** Opening Collected data block **

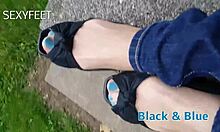 A Link To Intimissima On Facebook And Skype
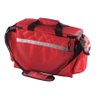 First Responder Trauma Bag Shoulder Bag Professional First Aid Kit Bag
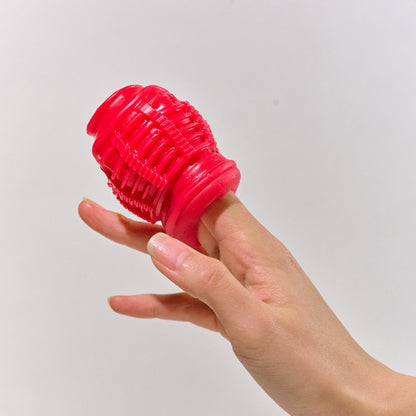 Loma Muffin Watermelon (Hard)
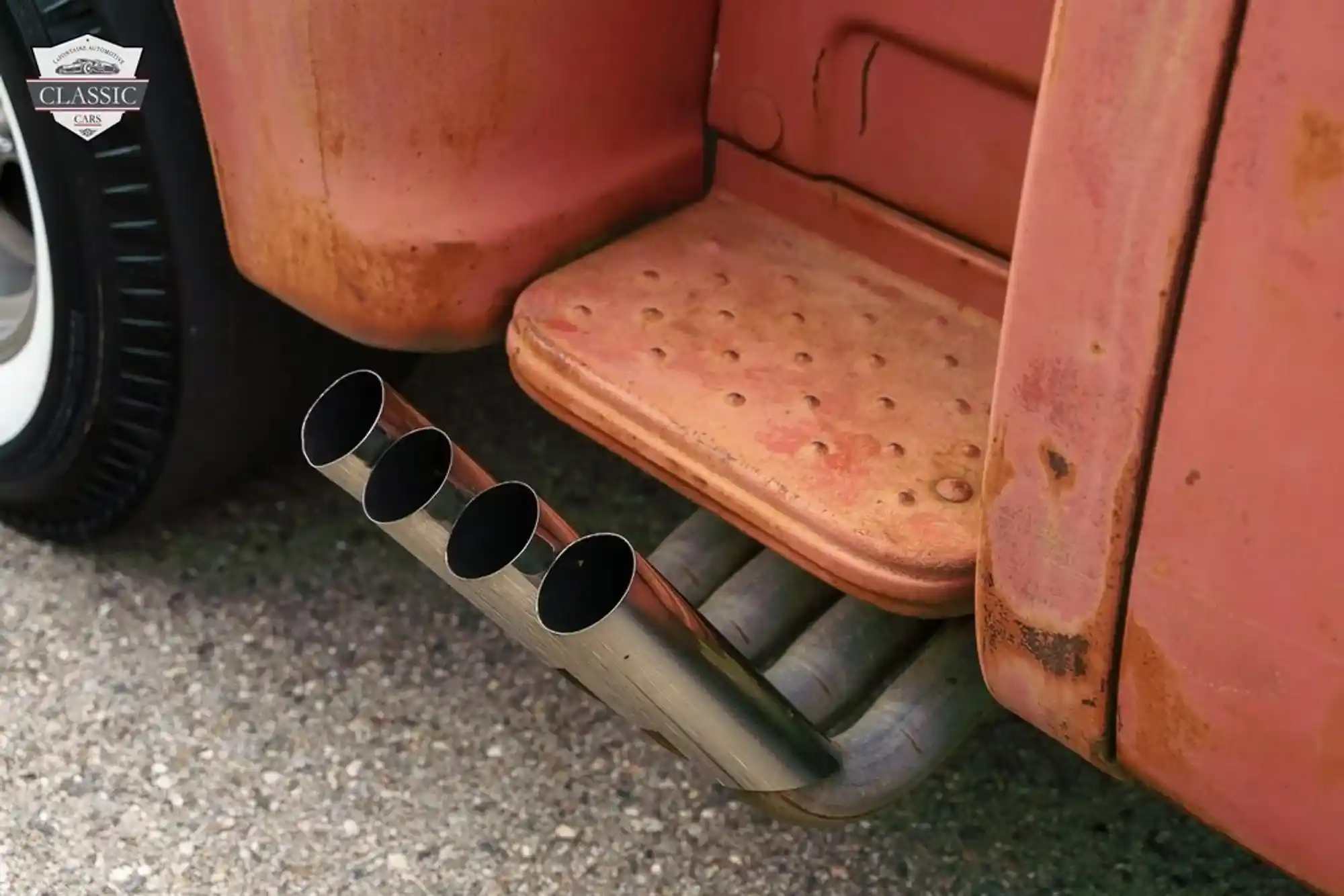 1964-dodge-d100-for-sale-milford-mi-33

** Closing Collected data block **

:: Problem to work on ::
Output all data exactly, omitting images.

:: Task result ::
 A Link To Intimissima On Facebook And Skype
 First Responder Trauma Bag Shoulder Bag Professional First Aid Kit Bag
 Loma Muffin Watermelon (Hard)
 1964-dodge-d100-for-sale-milford-mi-33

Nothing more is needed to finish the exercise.